Contudo, vocês os nativos do Mindelo e de São Vicente, abandonaram o barco e deixaram-no à deriva, rumo à Praia, à Capital. Inundaram um sítio e esvaziaram o outro lado. Fazer o quê?

Anónimo disse...

lindo!!

Cesar Schofield Cardoso disse...

E no entanto muito nativos de S.Vicente, a viver em S.Vicente, a abondonaram mais tristemente ainda.

O vazio é um estado de alma.

Carlos Silva disse...

Eu estou na Praia mas minha alma em Mindelo. Minha lingua é Mindelo, minha saudade é Mindelo, e meu amigo é Mindelo.

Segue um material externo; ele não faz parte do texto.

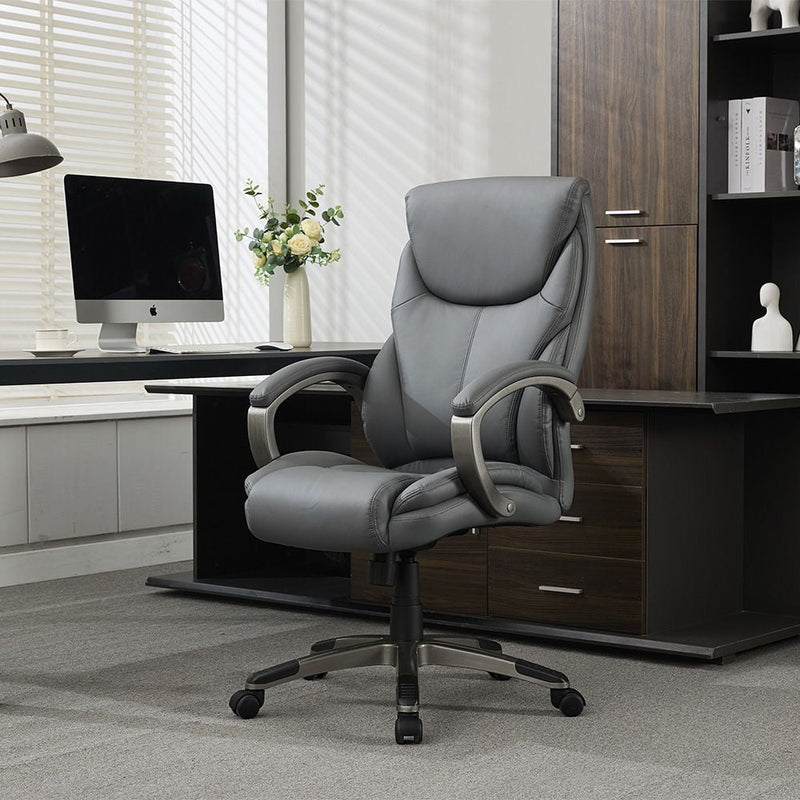 DANUBE | Courtney High Back Office Chair Grey | 811900300184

Mas concordo com o Cesar os nativos que ficaram abandonaram-no, porque os que partiram estão sempre com MINDELO no coração

Anónimo disse...

Eu concordo plenamente com a extensão do mindelact á Praia e espero que um dia tb se extenda á ilha do Sal e futuramente ás outras ilhas. Porque não? Esta é a minha primeira oportunidade de assistir ao festival e estou muito feliz por isso, já vi VOID, OS AMANTES, ZOO e ADRIANA MATER . Antes só via nas notícias, tv e ouvia comentários de pessoas mas não tinha a noção de quanto agradável é assistir a uma peça teatral do festival mindelact. Acho que os nossos conterraneos estão a ser muito egoistas com essas opiniões acerca da ext. do festival á praia. Concordo plenamente contigo Cesar, tu sim és uma pessoa sábia e que sabe apreciar as coisas. (Criola de Dja d´Sal).

Anónimo disse...

Gostei César! Tens uma capacidade enorme de focar o teu ponto de vista e partilhá-lo. Também sou Mindelense que vive no Tarrafal. Mas adoro Nha Cidade, e também Praia. Agora, tens-nos um pouco sedentos. Agora deste para escrever cada semana...

Anónimo disse...

""“Vamos pintar a Capital” , “Tinta para Todos” ou “Vamos dar cor à Praia” podiam ser slogans estimulantes para a pintura da capital de Cabo Verde" artigo em http://www.asemana.publ.cv/spip.php?article56720&ak=1

Cesar Schofield Cardoso disse...

Estou de férias em S.Vicente e com limitações de acesso à net (e uma boa dose de preguiça) por isso tenho publicado tão pouco. Mas levo na bagagem já muitas estórias para contar.